Rabbi Waxman is right that it is hard to feel sympathy for striking writers who may make millions of dollars a year. However, I disagree that the fact that many other workers in other industries are severely underpaid should prejudice us against the screen writers. Many writers are freelancers or lower level writers who make $50,000 or less a year. And 48 percent of writers, on the West Coast at least, are unemployed (not because of the strike).
Try living on a salary like that, or during the frequent periods of unemployment between assignments. The online royalties that the writers are seeking can make the real difference between making ends meet or not.

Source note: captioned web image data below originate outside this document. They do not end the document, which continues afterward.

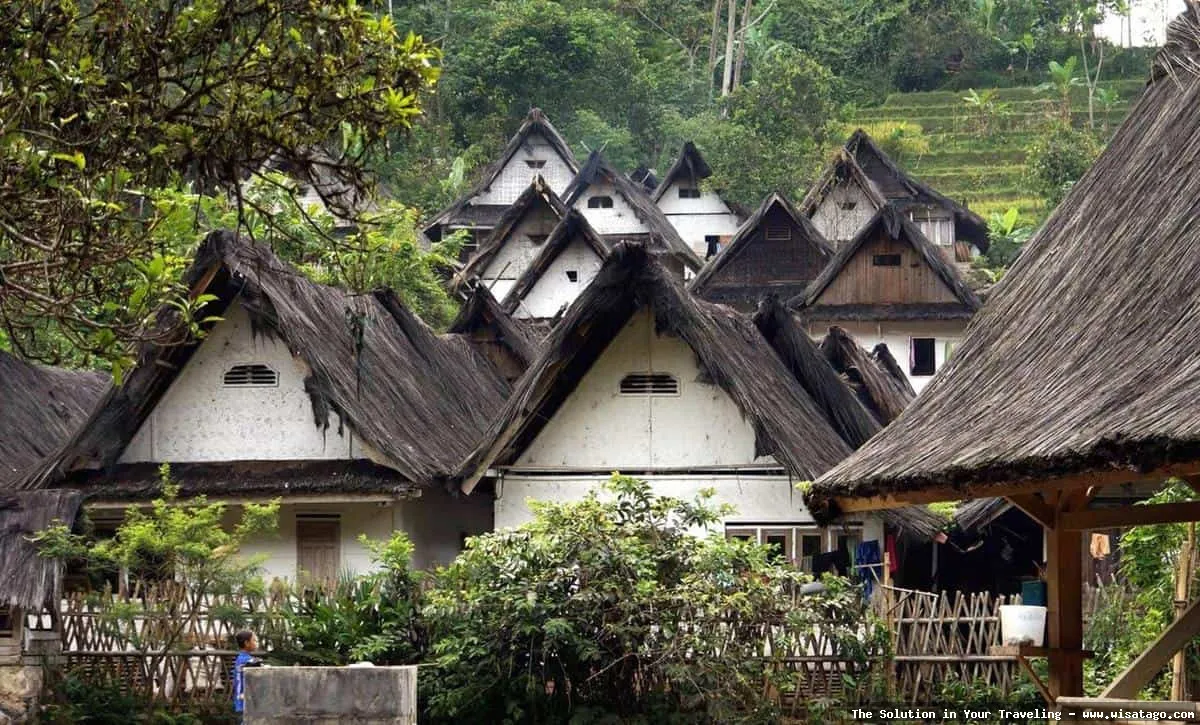 Kampung Naga: Kehidupan tradisional yang lestari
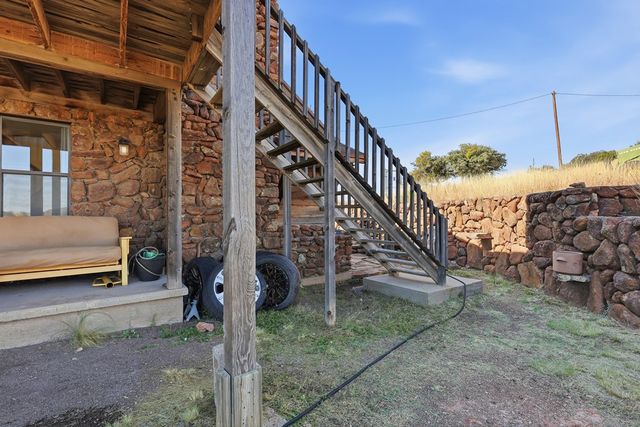 202 Fast Gun Lane, Fort Davis, TX 79734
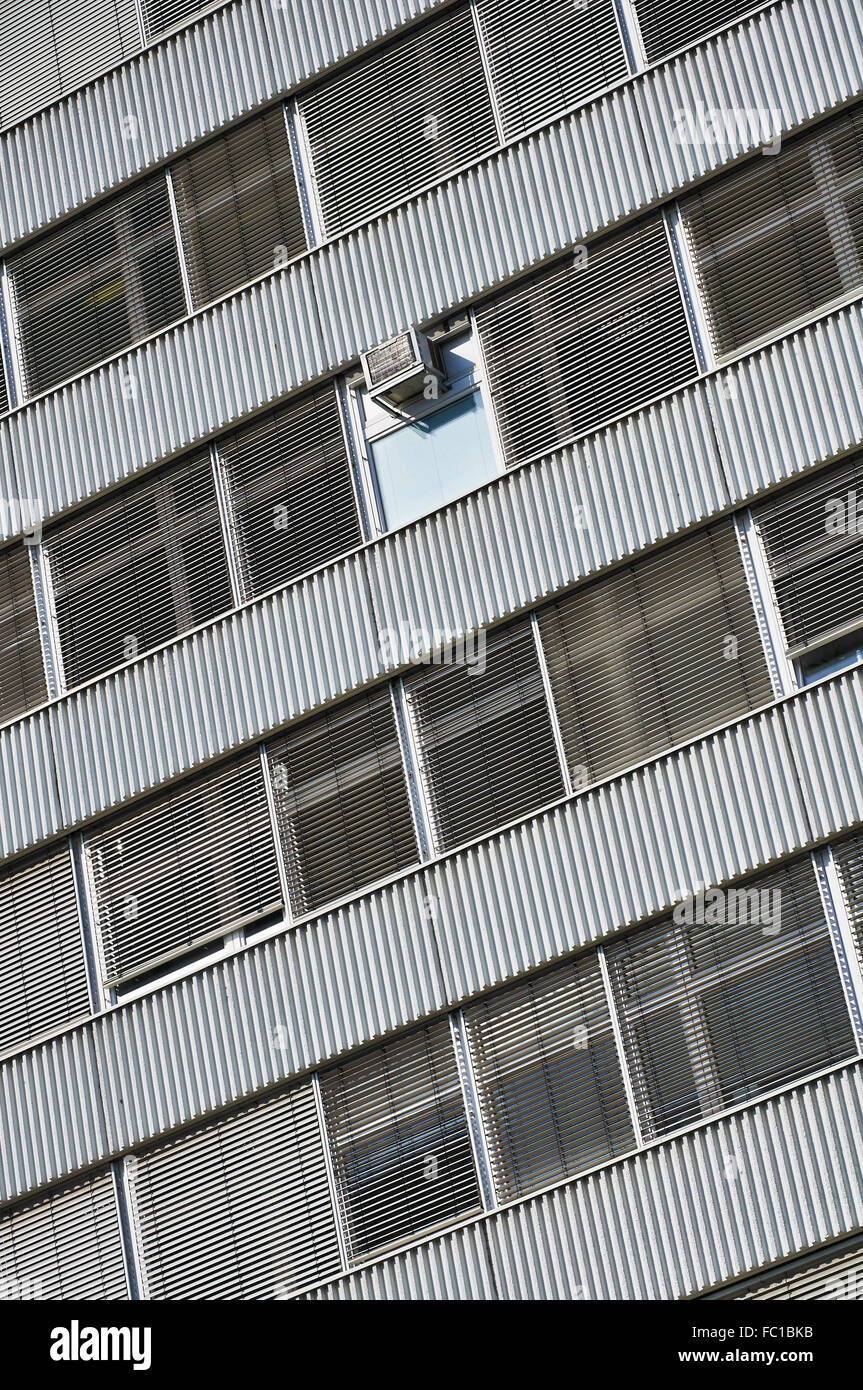 Gebäude in der Nähe von Dovebridge, Berlin, Deutschland Stockfoto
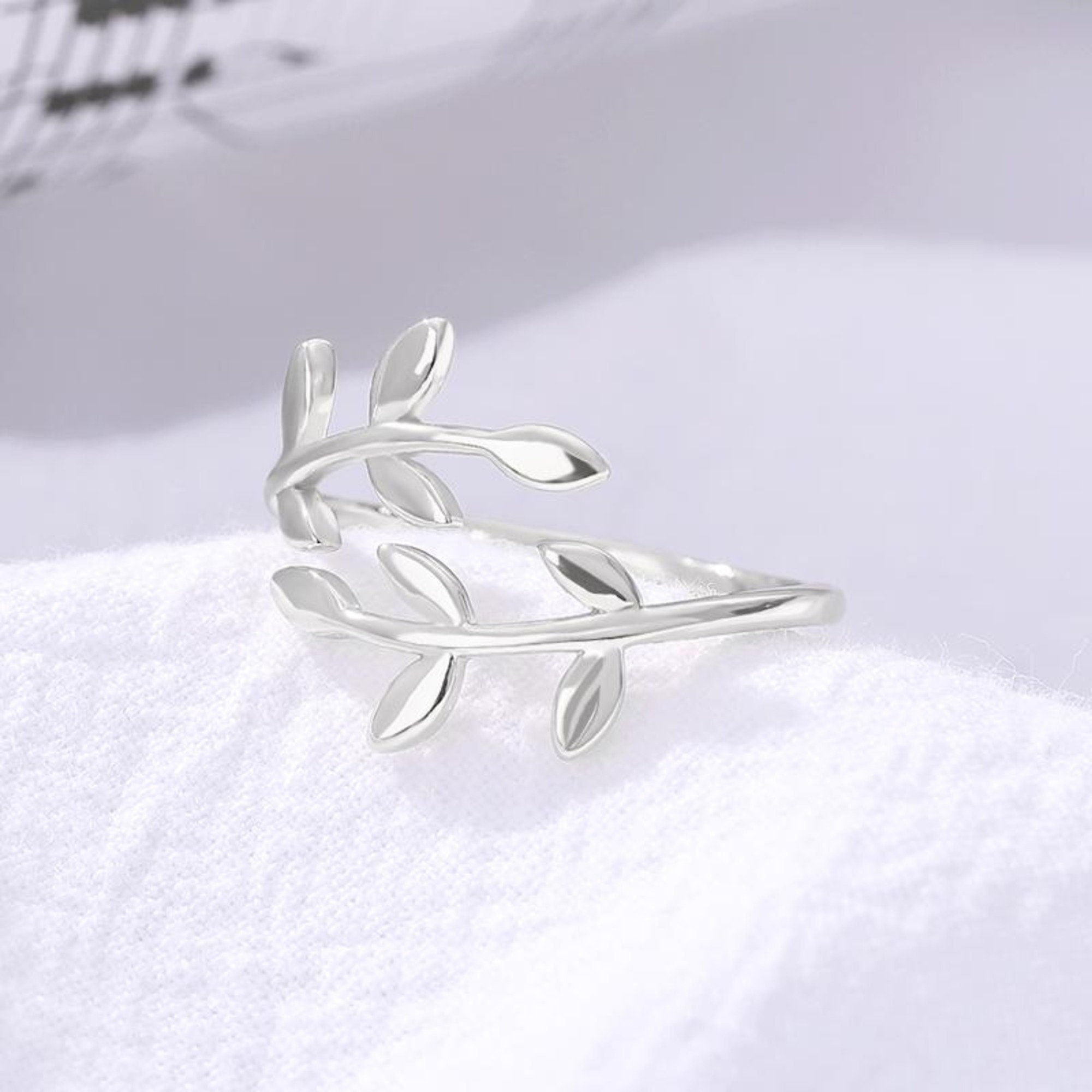 Jordin - Ring mit Kleinen Blättern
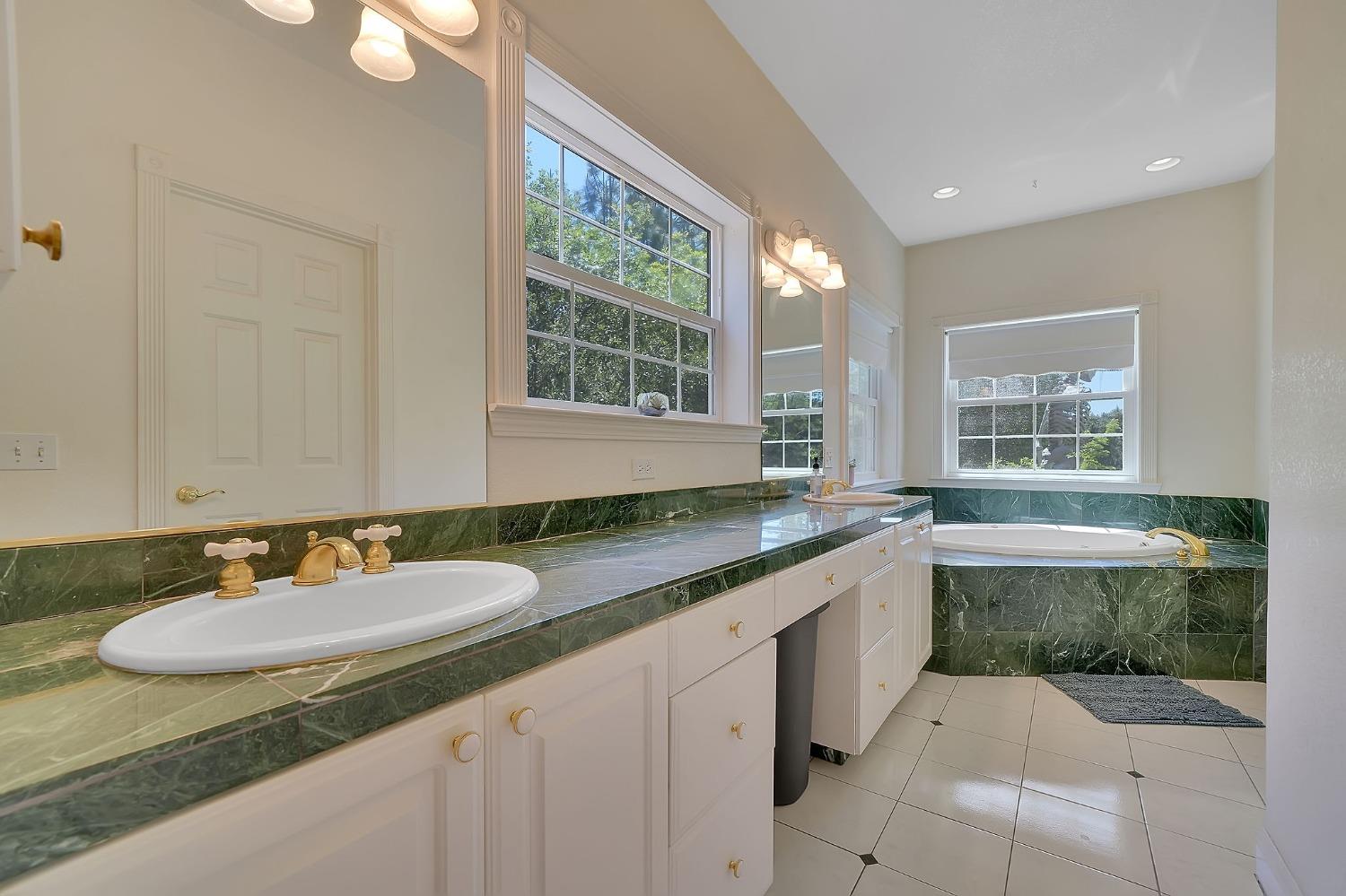 Detail Gallery Image 38 of 92 For 14950 Moonlight Rdgs, Pine Grove,  CA 95665 - 4 Beds | 3/1 Baths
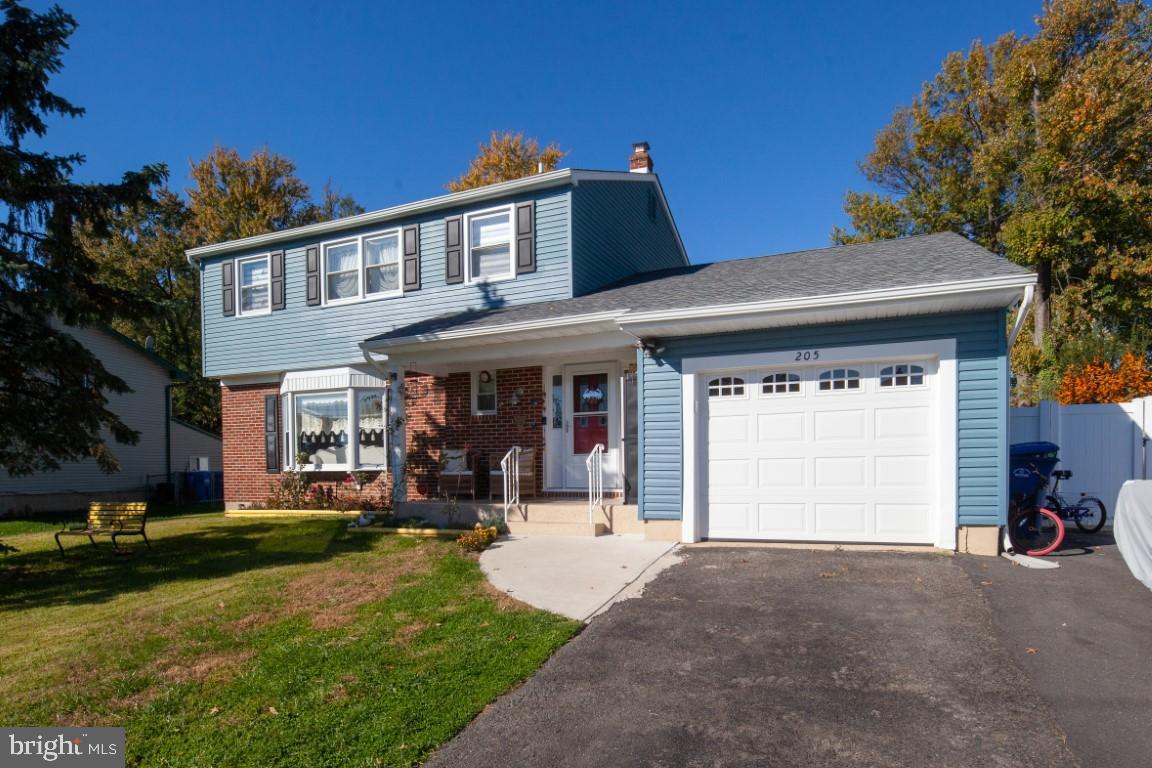 205 Regency Road Beverly, NJ 08010 - Photo 3 of 76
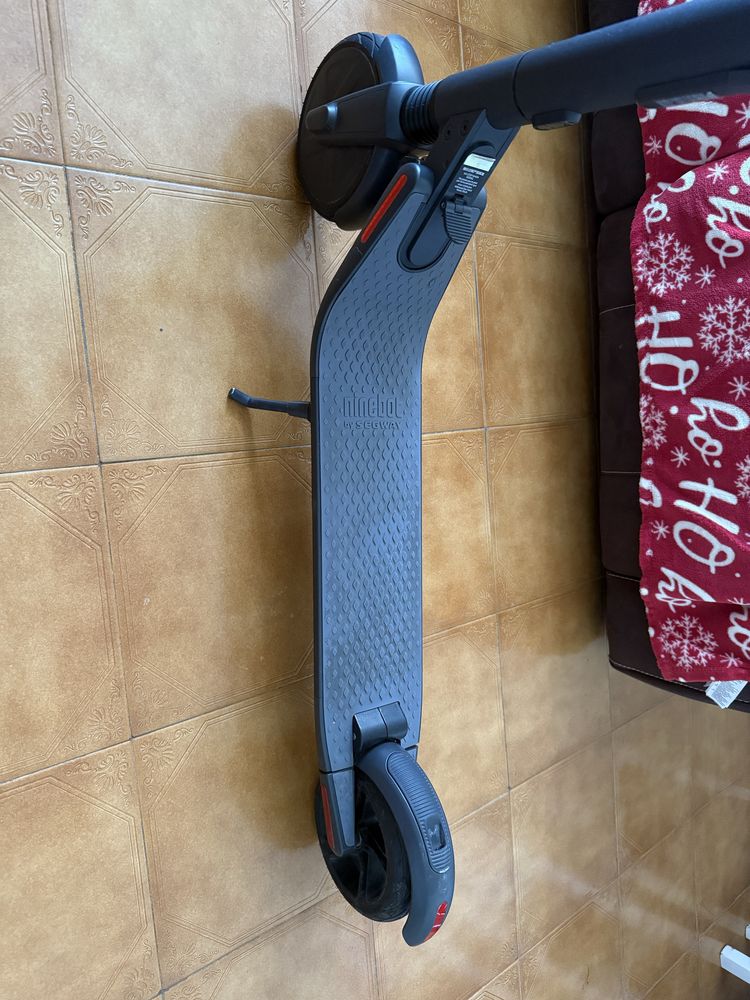Trotinete ( ninebot by Segway)
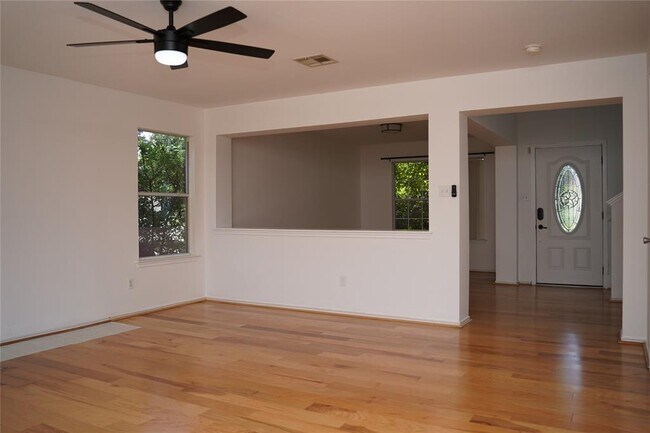 Foto del edificio - 320 Phillips St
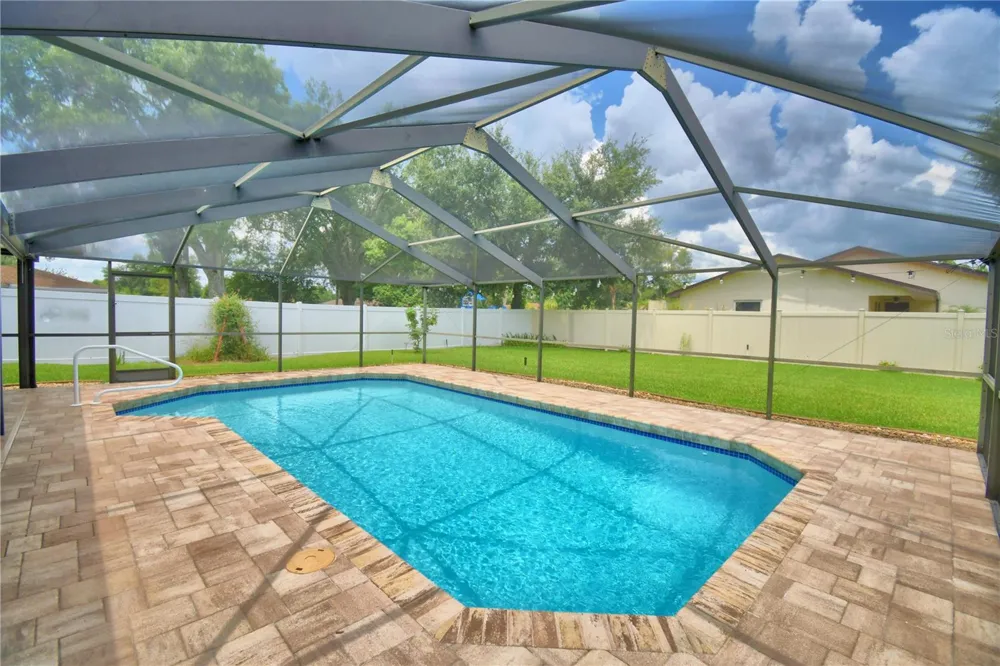 902 CRESTVIEW DRIVE Auburndale, FL 33823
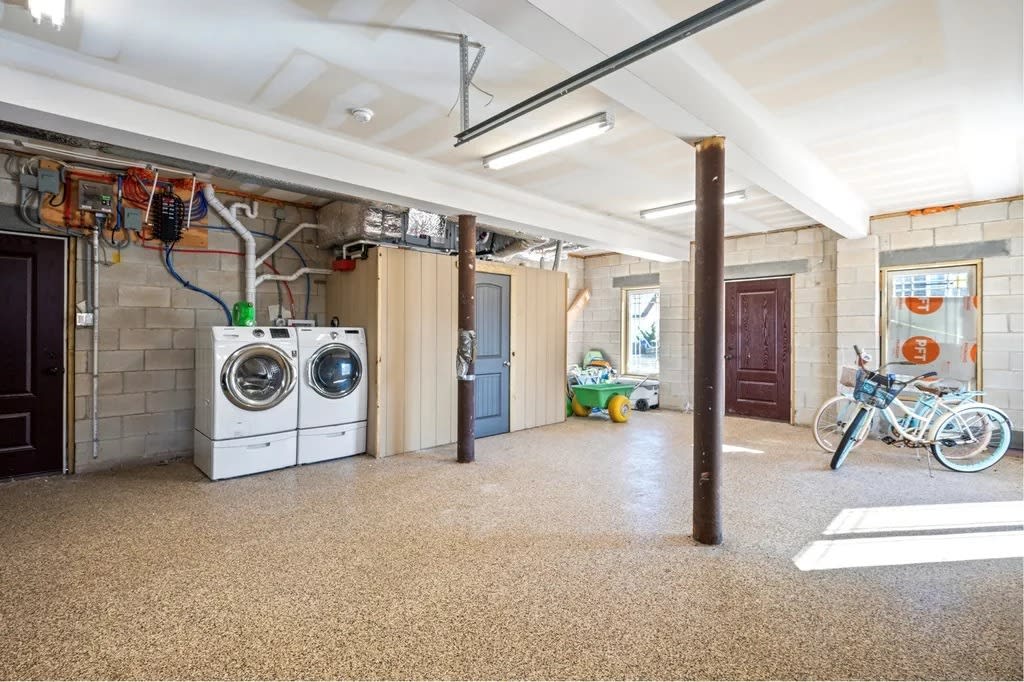 Immaculate 3 bed 2 bath Ship Bottom Residence close to bay and beach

This strike is probably not the exception to the rule that it takes two to tango, or not, as the case may be. However, it is not right that the media power houses have been refusing to pay online royalties. At our last meeting of the Conservative Movement’s Committee on Jewish Law and Standards, we passed the responsa “Intellectual Property: Can You Steal It if You Can’t Touch It,” by Rabbi Barry Leff that affirmed that using electronic intellectual property (music downloads, computer programs, etc.) without proper permission and payment is equivalent to robbery and is therefore prohibited by Jewish law even where such intellectual properties are not protected under secular law. (As Jews, we hold that the law of the land is the law, which means it is also binding under Jewish law.) While not completely analogous, the use of writers’ works online without some sharing of the income such use generates seems not only contrary to fair play but also to Jewish law in a similar way.